__EXERCISE GOAL__. Keep every line in which "Flat" occurs and drop the rest of the data.

__DATA RECORDS__.
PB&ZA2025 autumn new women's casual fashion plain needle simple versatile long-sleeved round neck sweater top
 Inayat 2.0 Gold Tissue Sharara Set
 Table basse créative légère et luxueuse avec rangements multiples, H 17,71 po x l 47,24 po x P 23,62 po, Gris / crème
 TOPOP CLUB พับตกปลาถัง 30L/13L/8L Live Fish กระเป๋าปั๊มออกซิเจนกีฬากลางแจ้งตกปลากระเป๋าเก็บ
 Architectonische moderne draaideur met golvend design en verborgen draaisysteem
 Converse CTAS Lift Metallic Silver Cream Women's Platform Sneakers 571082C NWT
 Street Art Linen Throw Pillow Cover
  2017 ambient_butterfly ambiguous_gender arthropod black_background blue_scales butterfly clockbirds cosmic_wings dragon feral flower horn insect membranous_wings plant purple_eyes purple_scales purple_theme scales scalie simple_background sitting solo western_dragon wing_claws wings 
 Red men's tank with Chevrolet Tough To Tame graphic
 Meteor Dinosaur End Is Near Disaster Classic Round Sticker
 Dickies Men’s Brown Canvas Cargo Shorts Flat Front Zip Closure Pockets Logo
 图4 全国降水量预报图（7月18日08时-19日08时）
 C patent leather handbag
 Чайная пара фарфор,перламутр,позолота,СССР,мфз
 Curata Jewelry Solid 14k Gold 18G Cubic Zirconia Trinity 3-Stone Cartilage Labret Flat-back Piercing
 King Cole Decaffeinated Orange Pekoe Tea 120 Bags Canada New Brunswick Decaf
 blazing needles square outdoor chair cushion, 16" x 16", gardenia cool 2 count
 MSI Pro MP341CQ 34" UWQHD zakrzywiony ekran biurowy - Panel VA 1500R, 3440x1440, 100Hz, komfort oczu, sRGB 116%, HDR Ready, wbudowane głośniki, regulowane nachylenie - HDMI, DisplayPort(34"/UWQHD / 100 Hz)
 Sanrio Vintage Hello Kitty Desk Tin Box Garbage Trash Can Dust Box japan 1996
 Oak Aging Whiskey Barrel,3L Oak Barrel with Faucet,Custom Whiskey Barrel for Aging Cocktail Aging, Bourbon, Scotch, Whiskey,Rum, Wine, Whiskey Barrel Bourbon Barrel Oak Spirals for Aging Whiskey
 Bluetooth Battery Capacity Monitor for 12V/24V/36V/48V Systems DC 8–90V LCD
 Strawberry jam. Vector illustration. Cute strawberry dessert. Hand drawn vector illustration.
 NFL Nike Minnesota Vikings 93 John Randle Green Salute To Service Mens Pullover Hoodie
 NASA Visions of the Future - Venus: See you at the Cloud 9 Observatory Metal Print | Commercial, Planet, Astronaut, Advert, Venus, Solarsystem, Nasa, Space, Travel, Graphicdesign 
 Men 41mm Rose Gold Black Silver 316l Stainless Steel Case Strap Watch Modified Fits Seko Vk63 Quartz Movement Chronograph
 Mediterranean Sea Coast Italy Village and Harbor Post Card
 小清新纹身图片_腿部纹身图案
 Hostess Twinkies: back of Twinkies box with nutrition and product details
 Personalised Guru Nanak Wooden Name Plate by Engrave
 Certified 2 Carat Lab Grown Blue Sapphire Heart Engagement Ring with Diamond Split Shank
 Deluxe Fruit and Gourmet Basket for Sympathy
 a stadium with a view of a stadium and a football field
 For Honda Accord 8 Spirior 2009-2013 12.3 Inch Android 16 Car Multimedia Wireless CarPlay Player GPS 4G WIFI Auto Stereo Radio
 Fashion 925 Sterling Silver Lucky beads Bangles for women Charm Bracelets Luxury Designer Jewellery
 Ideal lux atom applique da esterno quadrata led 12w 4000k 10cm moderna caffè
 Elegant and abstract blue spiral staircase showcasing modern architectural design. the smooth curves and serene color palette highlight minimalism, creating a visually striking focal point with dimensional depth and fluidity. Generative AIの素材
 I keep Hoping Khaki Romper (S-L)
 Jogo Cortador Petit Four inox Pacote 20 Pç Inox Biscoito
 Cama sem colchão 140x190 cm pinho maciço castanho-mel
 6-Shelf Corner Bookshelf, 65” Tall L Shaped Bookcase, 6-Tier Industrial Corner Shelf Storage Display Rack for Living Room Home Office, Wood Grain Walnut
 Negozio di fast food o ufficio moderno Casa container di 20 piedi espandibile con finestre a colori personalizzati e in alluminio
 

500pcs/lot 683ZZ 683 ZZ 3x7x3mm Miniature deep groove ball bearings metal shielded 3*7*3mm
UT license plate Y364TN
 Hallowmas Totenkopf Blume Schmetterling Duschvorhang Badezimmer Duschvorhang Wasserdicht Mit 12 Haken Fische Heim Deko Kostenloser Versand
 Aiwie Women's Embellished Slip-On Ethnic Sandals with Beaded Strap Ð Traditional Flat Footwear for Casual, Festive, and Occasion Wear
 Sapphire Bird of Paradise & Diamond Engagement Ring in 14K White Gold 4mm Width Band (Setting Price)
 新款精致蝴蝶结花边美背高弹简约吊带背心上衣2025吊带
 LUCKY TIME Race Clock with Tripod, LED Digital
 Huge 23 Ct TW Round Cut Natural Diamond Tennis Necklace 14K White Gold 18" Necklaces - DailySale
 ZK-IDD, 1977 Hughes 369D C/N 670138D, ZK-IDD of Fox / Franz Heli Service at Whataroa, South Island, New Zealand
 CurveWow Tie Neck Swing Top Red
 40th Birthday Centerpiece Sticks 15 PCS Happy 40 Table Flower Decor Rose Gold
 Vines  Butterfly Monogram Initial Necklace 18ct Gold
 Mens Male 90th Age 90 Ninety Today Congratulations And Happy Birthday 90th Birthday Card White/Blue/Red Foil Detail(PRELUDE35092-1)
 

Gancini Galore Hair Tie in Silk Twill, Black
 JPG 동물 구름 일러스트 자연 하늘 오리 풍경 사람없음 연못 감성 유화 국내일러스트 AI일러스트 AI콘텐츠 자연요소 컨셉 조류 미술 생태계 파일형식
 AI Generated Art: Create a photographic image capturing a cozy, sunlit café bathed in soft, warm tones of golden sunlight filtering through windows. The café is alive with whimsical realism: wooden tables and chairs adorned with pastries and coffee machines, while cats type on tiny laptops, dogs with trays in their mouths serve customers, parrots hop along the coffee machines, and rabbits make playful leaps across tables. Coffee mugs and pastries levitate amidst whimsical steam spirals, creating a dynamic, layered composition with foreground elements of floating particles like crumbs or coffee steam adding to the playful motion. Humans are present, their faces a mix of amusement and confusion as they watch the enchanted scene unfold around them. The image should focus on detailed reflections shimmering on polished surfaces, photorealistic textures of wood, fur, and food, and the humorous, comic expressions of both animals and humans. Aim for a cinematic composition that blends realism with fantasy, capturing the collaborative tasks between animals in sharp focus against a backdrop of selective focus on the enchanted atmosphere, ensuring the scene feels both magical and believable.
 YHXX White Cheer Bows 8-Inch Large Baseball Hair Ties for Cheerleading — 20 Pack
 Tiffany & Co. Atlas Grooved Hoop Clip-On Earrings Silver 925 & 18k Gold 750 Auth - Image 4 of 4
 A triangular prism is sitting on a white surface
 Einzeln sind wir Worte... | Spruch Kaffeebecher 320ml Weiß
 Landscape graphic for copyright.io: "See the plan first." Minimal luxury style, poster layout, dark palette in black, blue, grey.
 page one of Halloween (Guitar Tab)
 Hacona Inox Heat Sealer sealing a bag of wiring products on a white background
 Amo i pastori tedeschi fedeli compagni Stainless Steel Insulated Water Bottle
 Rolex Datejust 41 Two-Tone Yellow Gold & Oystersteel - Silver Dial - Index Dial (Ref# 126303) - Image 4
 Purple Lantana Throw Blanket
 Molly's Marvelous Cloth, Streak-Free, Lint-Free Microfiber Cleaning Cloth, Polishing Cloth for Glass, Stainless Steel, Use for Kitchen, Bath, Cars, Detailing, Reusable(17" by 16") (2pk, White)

__EXPECTED ANSWER__.
 Dickies Men’s Brown Canvas Cargo Shorts Flat Front Zip Closure Pockets Logo
 Curata Jewelry Solid 14k Gold 18G Cubic Zirconia Trinity 3-Stone Cartilage Labret Flat-back Piercing
 Aiwie Women's Embellished Slip-On Ethnic Sandals with Beaded Strap Ð Traditional Flat Footwear for Casual, Festive, and Occasion Wear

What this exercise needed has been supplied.